Choosing Your Driver: Pusher vs Redis/Soketi vs Laravel Reverb

The driver is the WebSocket server that sits between Laravel and the browser. Your application code stays identical across drivers — only the config changes. But the operational implications are wildly different.

Pusher / Ably are managed services. You pay per message and per connection. Zero infrastructure to run, excellent dashboards, global edge nodes. Perfect for startups and apps where engineering time is more expensive than Pusher's bill. The hard limits (100 connections on free tier, message rate caps) become painful fast on high-traffic apps.

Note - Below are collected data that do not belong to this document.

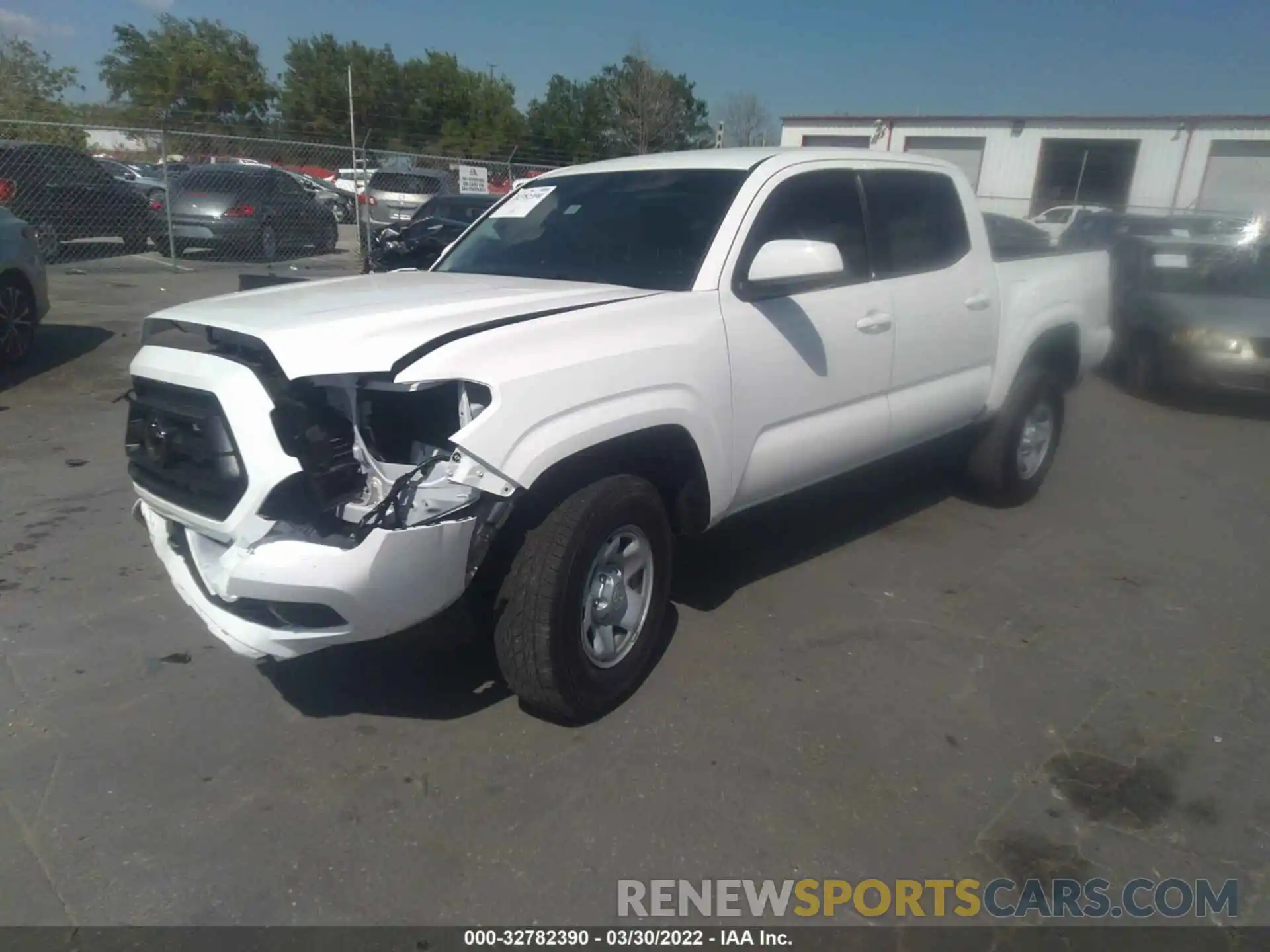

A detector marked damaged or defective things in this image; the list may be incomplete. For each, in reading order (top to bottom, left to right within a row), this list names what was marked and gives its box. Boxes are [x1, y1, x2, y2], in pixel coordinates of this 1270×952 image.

crumpled front bumper [139, 500, 477, 665]
damaged front end of truck [120, 321, 515, 665]
damaged car in background [124, 149, 1107, 721]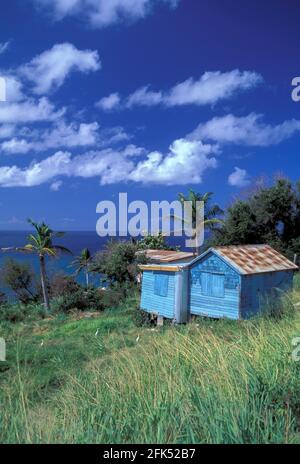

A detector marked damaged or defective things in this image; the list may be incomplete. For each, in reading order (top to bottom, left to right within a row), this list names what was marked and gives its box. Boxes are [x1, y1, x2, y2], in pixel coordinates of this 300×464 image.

rusty corrugated roof [214, 245, 298, 274]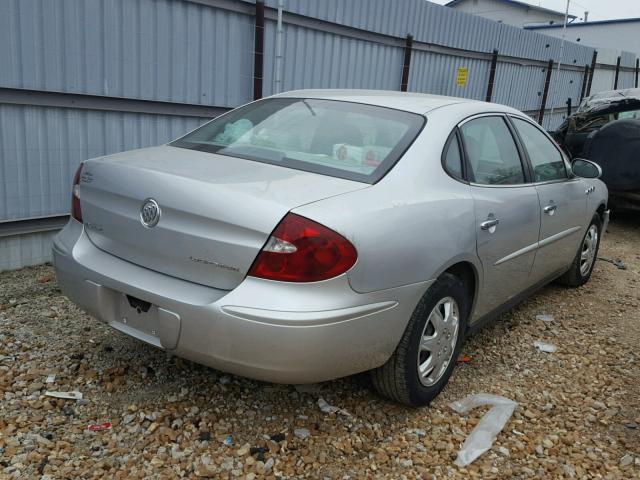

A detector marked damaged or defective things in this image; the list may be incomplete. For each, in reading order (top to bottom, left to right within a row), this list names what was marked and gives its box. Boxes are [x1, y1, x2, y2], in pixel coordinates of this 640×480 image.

damaged car [552, 88, 636, 210]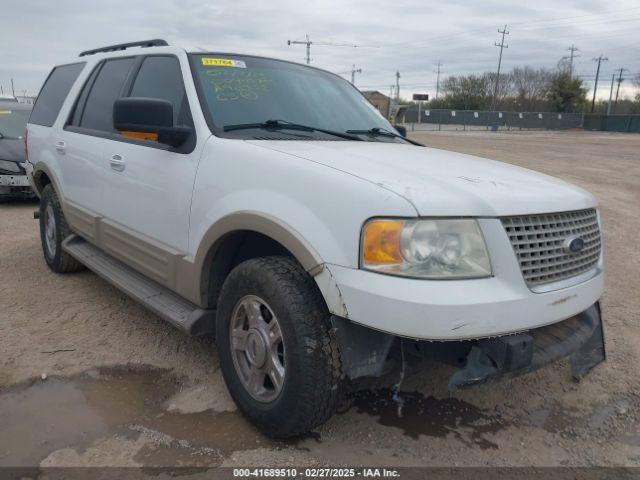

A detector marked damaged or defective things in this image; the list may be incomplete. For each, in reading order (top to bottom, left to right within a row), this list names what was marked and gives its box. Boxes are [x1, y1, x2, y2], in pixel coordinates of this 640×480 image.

damaged front bumper [330, 304, 604, 390]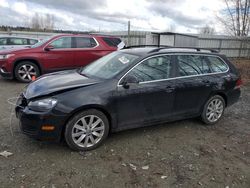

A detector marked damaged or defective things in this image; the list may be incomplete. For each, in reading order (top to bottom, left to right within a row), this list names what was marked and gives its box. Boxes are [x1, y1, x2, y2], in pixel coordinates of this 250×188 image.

crumpled hood [24, 69, 99, 98]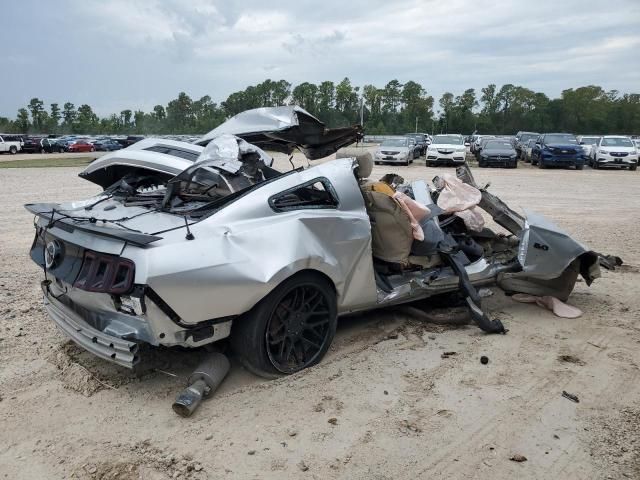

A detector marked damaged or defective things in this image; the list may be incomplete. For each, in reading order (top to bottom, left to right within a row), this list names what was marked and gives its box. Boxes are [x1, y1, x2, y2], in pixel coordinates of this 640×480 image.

crumpled hood [198, 105, 362, 159]
bent exhaust pipe [172, 352, 230, 416]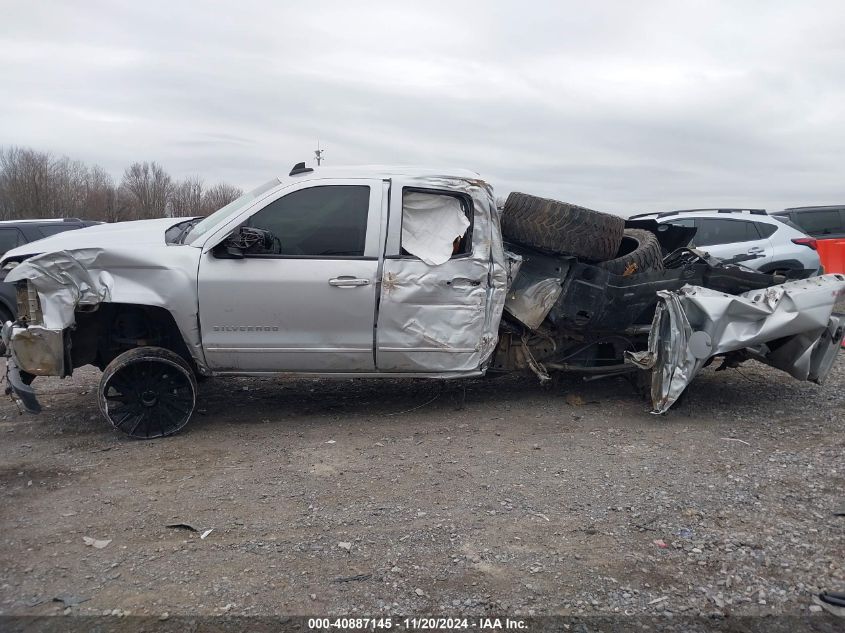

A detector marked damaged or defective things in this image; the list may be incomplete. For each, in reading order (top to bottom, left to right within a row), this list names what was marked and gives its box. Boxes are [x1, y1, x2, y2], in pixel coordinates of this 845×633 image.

crushed hood [0, 215, 185, 260]
wrecked silver pickup truck [4, 165, 844, 436]
damaged truck bed [4, 165, 844, 436]
torn sheet metal [400, 190, 472, 264]
torn sheet metal [376, 174, 508, 370]
torn sheet metal [628, 272, 844, 412]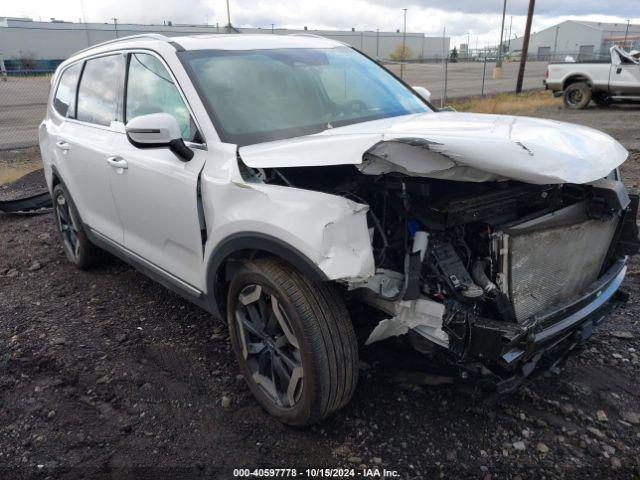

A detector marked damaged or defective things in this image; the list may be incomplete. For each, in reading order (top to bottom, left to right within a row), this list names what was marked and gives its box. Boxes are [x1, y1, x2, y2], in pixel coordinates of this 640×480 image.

crumpled hood [238, 111, 628, 185]
severe front damage [236, 112, 640, 394]
damaged radiator [496, 205, 620, 322]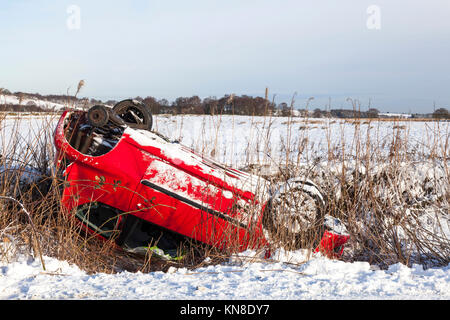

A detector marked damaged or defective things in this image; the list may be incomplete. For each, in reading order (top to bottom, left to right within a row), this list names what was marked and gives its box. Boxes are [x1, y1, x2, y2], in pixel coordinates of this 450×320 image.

overturned red car [54, 100, 350, 260]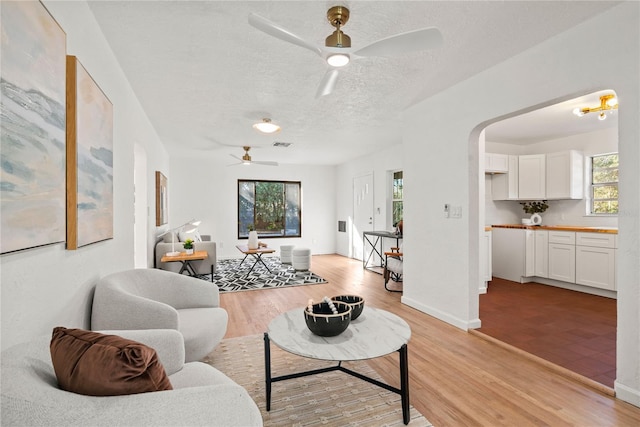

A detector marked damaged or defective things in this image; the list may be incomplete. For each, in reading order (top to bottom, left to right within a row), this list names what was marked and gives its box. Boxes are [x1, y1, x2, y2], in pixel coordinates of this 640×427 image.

rust throw pillow [51, 328, 172, 398]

Redis + Soketi (or the older laravel-websockets package) runs your own WebSocket server, using Redis pub/sub as the message bus. Your Laravel app publishes to a Redis channel, Soketi subscribes and pushes to clients. This is Pusher-protocol-compatible, meaning your existing Pusher-flavoured Echo config works unchanged. Great for privacy-sensitive data and when you need horizontal scaling, but you own the ops burden.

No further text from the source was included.